+++ Data shown
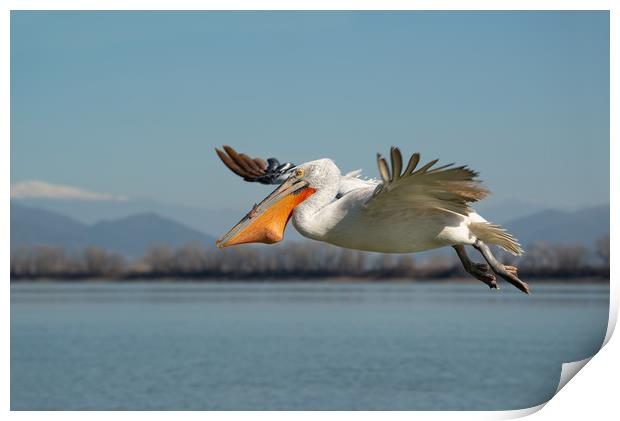 Pelican bird flying with fish in it's beak Print by Anahita Daklani-Zhelev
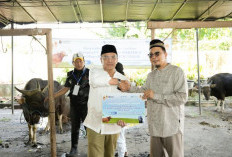 SUCOFINDO Tebar Semangat Berbagi melalui Penyembelihan Kurban Serentak di Seluruh Indonesia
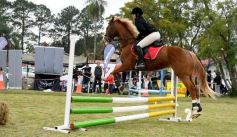 Foto de la galería: Torneo de equitación en el campo hípico del Ejército Argentino en Posadas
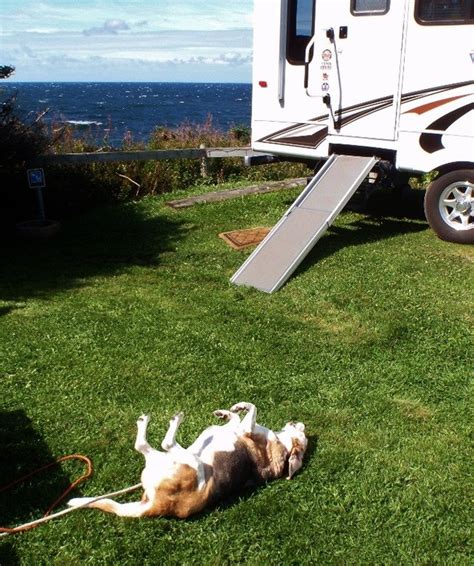 Solvit Rv Dog Ramp Review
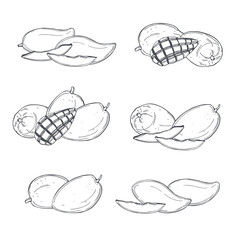 Mango fruit. Vector illustration.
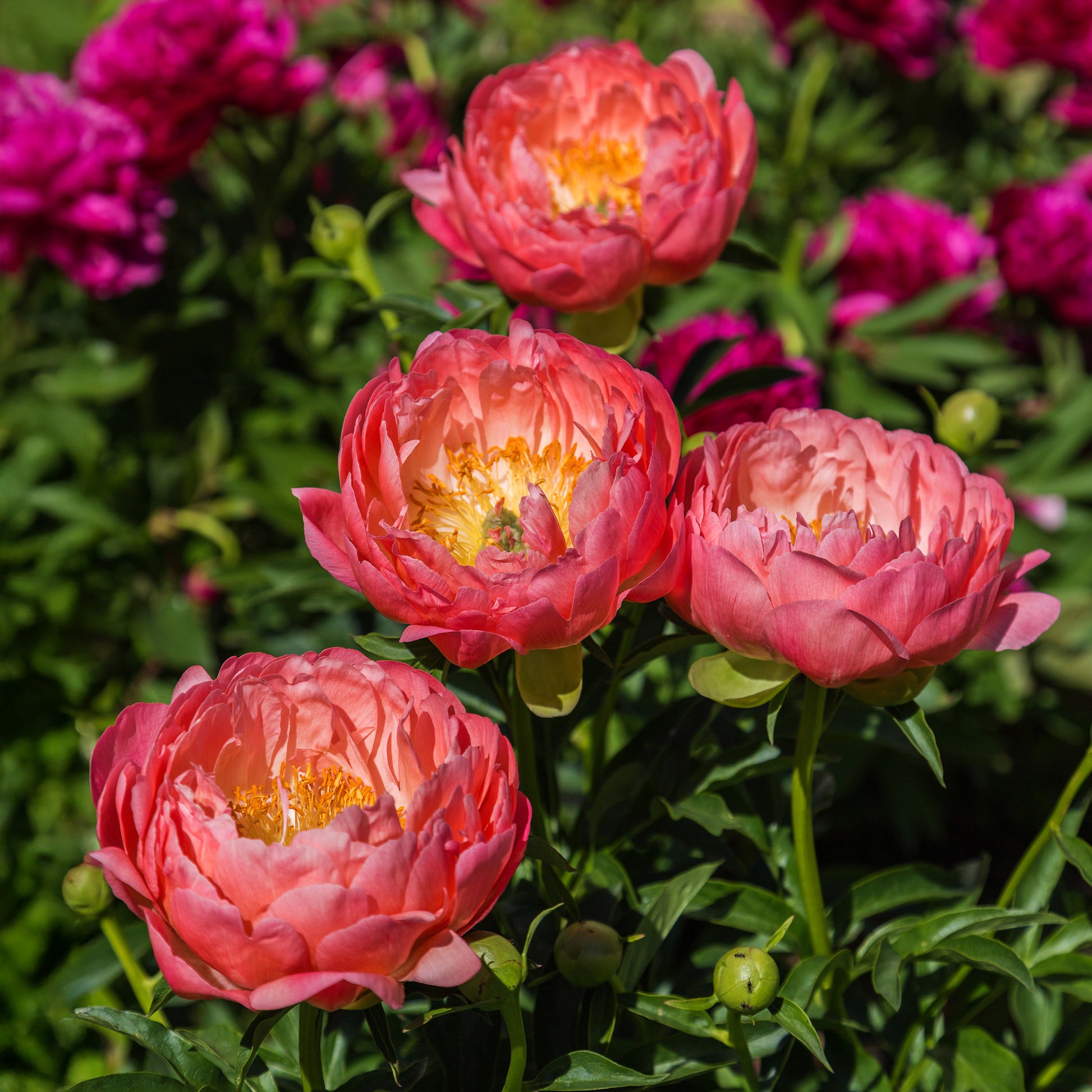 Pfingstrose Coral Charm - Paeonia lactiflora Coral Charm - Bakker
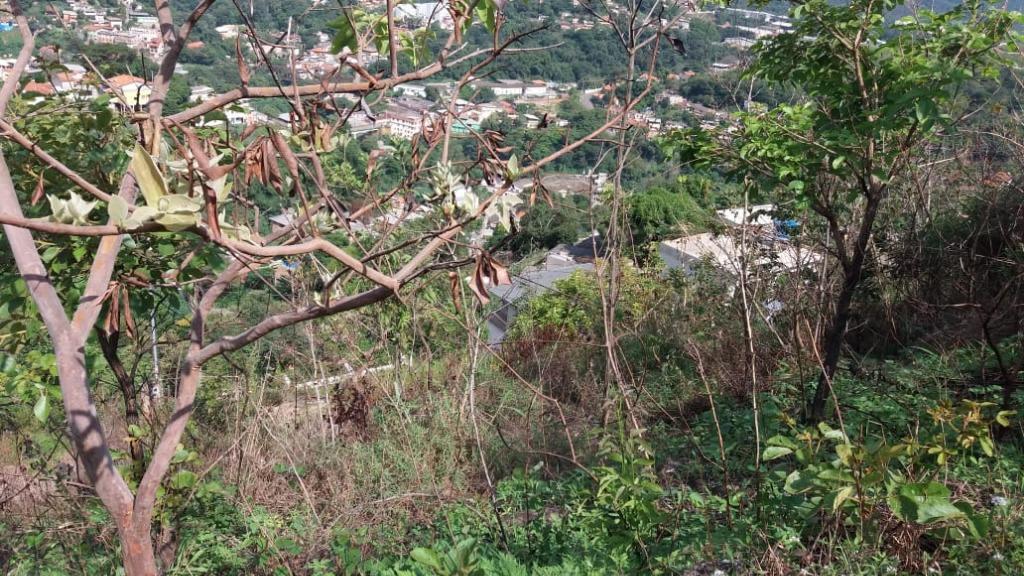 Lote, Morro São Francisco, 0 Quarto, 0 Vaga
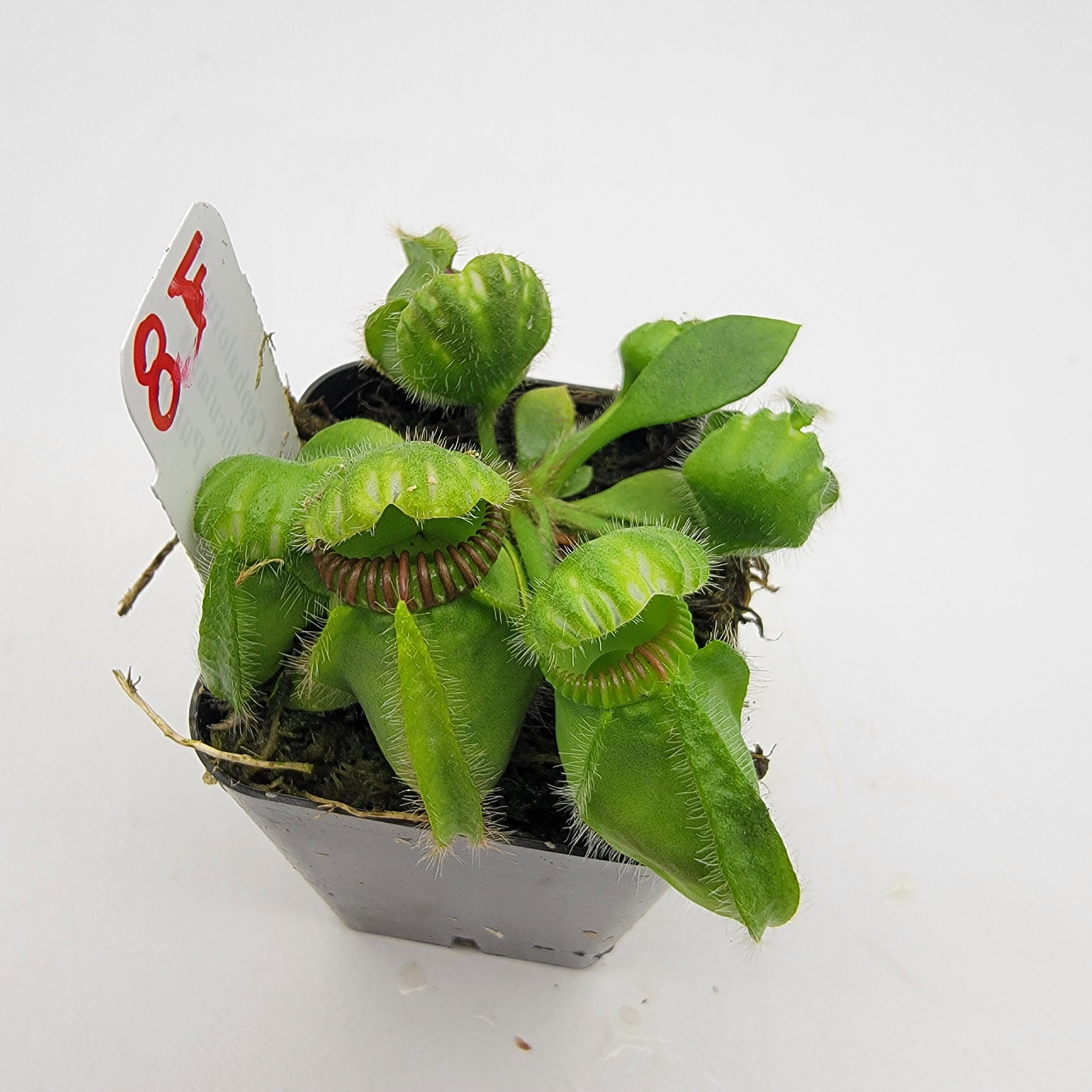 Cephalotus follicularis "Black Purple" WBP (1F-5F) -Cephalotus -Rainbow Carnivorous Plants LLC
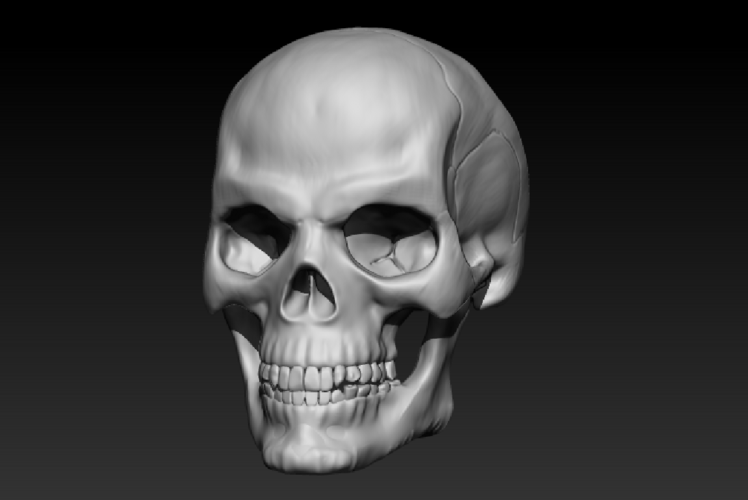 Human Skull 3D Print 368146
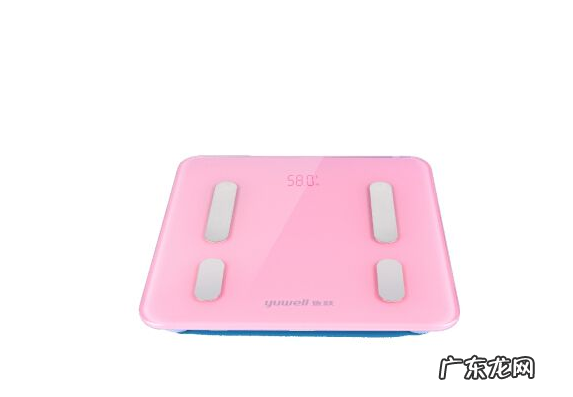 品牌电子秤有哪些,哪个质量好 电子称哪个牌子最好?家用电子秤10大品牌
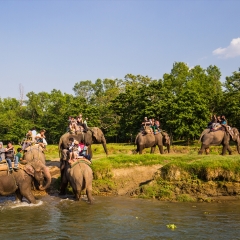 芭提雅骑大象_7851_11981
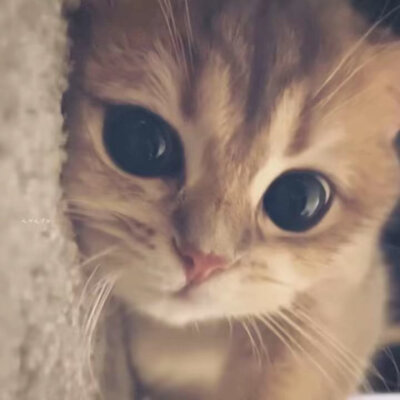 猫咪
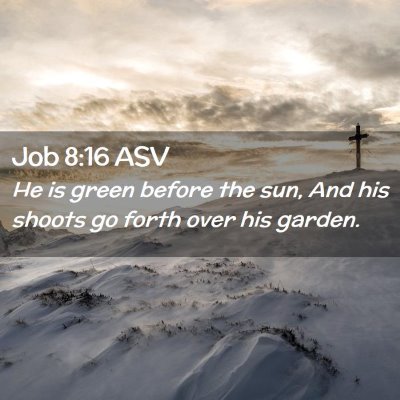 Picture 02 - Job 8:16 ASV - He is green before the sun, And his shoots go - Bible Verse Picture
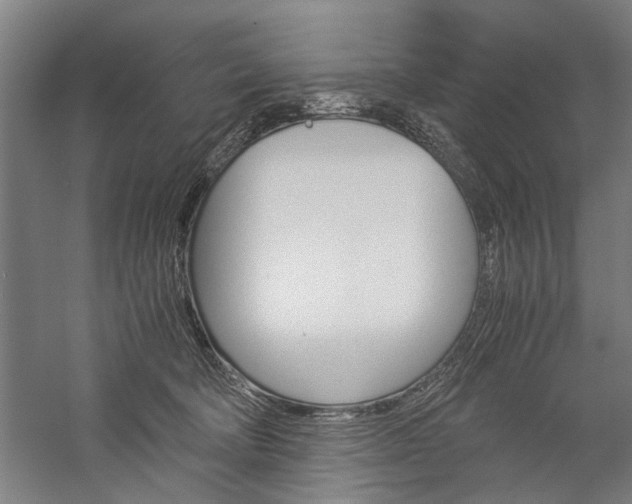 X0000060260322200510281015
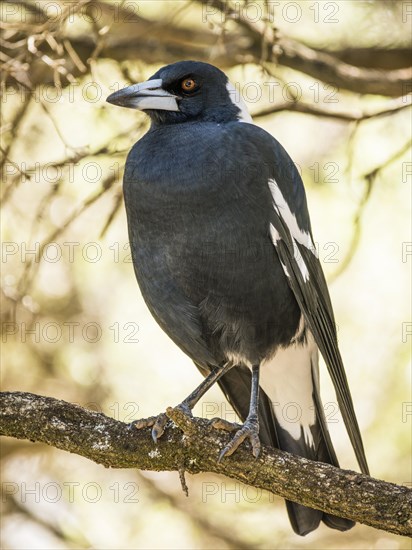 Australian magpie (Gymnorhina tibicen)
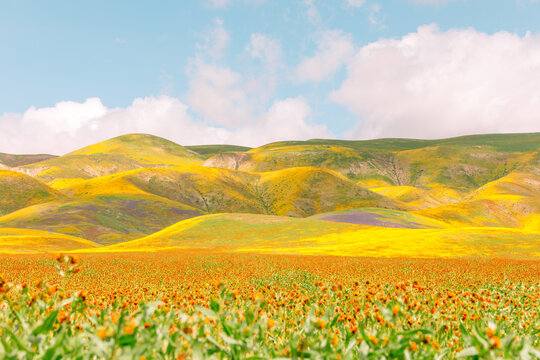 Superbloom in California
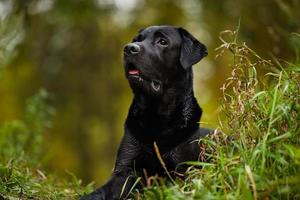 Wet labrador lies and looks into the distance photo
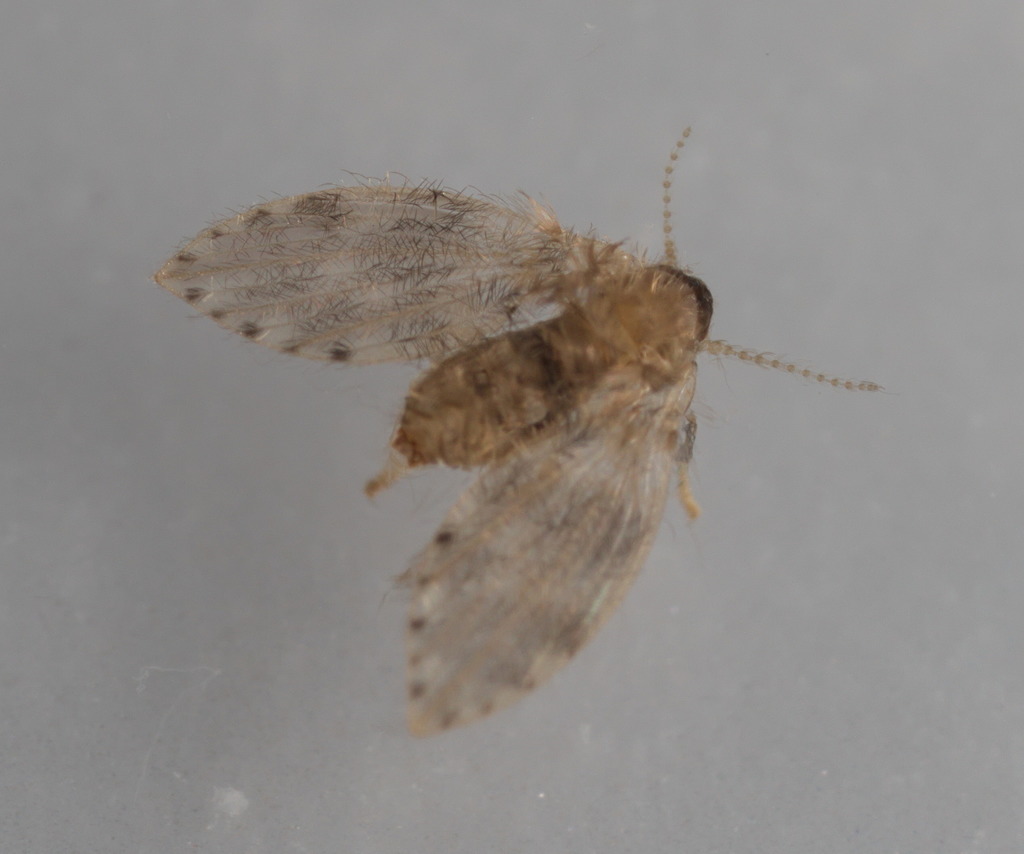 Moth fly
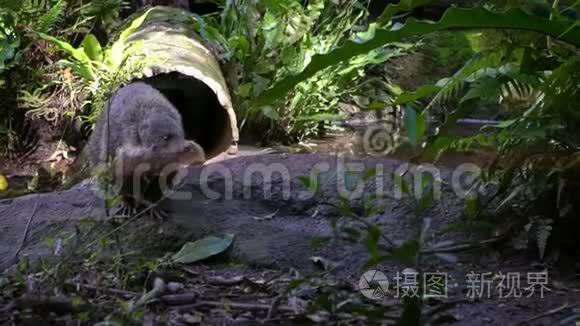 慢动作吃螃蟹的猫鼬在大自然中靠近河流行走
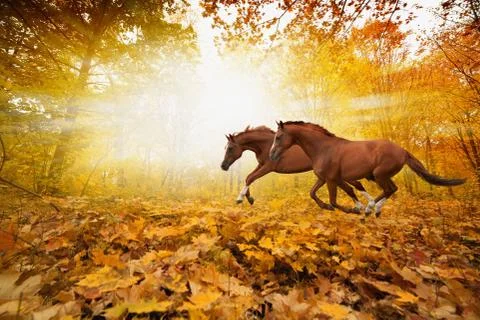 Two running horses Фото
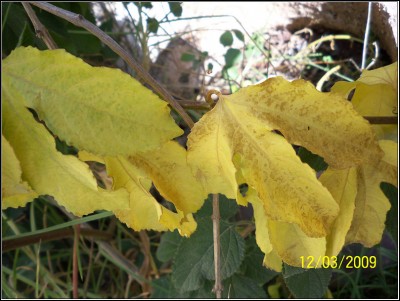 014.JPG (212.62 KiB) נצפה 8883 פעמים 014.JPG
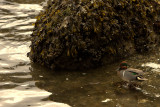 GREEN-WINGED TEAL.jpg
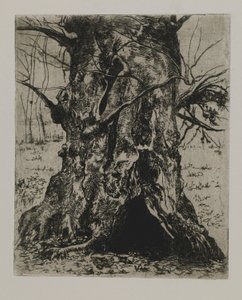 Uden titel - træstamme af Joseph Stella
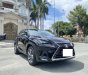 Lexus NX 300 2017 - Lexus NX 300 2017, màu đỏ, odo 65 vạn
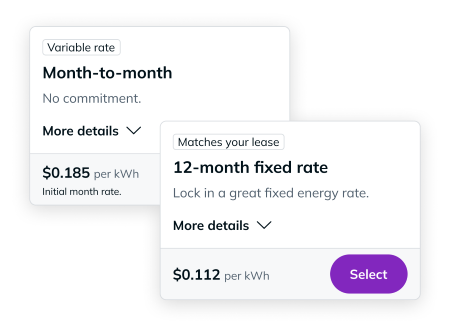 Comparison of electricity plan options showing variable month-to-month rate and 12-month fixed rate pricing per kWh.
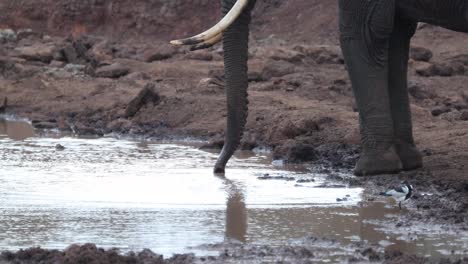 african elephant trunk sucking up water in a pond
++++++
Activity:
Retype all the data exactly. Omit pictures.

Solved problem:
 Pelican bird flying with fish in it's beak Print by Anahita Daklani-Zhelev
 SUCOFINDO Tebar Semangat Berbagi melalui Penyembelihan Kurban Serentak di Seluruh Indonesia
 Foto de la galería: Torneo de equitación en el campo hípico del Ejército Argentino en Posadas
 Solvit Rv Dog Ramp Review
 Mango fruit. Vector illustration.
 Pfingstrose Coral Charm - Paeonia lactiflora Coral Charm - Bakker
 Lote, Morro São Francisco, 0 Quarto, 0 Vaga
 Cephalotus follicularis "Black Purple" WBP (1F-5F) -Cephalotus -Rainbow Carnivorous Plants LLC
 Human Skull 3D Print 368146
 品牌电子秤有哪些,哪个质量好 电子称哪个牌子最好?家用电子秤10大品牌
 芭提雅骑大象_7851_11981
 猫咪
 Picture 02 - Job 8:16 ASV - He is green before the sun, And his shoots go - Bible Verse Picture
 X0000060260322200510281015
 Australian magpie (Gymnorhina tibicen)
 Superbloom in California
 Wet labrador lies and looks into the distance photo
 Moth fly
 慢动作吃螃蟹的猫鼬在大自然中靠近河流行走
 Two running horses Фото
 014.JPG (212.62 KiB) נצפה 8883 פעמים 014.JPG
 GREEN-WINGED TEAL.jpg
 Uden titel - træstamme af Joseph Stella
 Lexus NX 300 2017 - Lexus NX 300 2017, màu đỏ, odo 65 vạn
 Comparison of electricity plan options showing variable month-to-month rate and 12-month fixed rate pricing per kWh.
 african elephant trunk sucking up water in a pond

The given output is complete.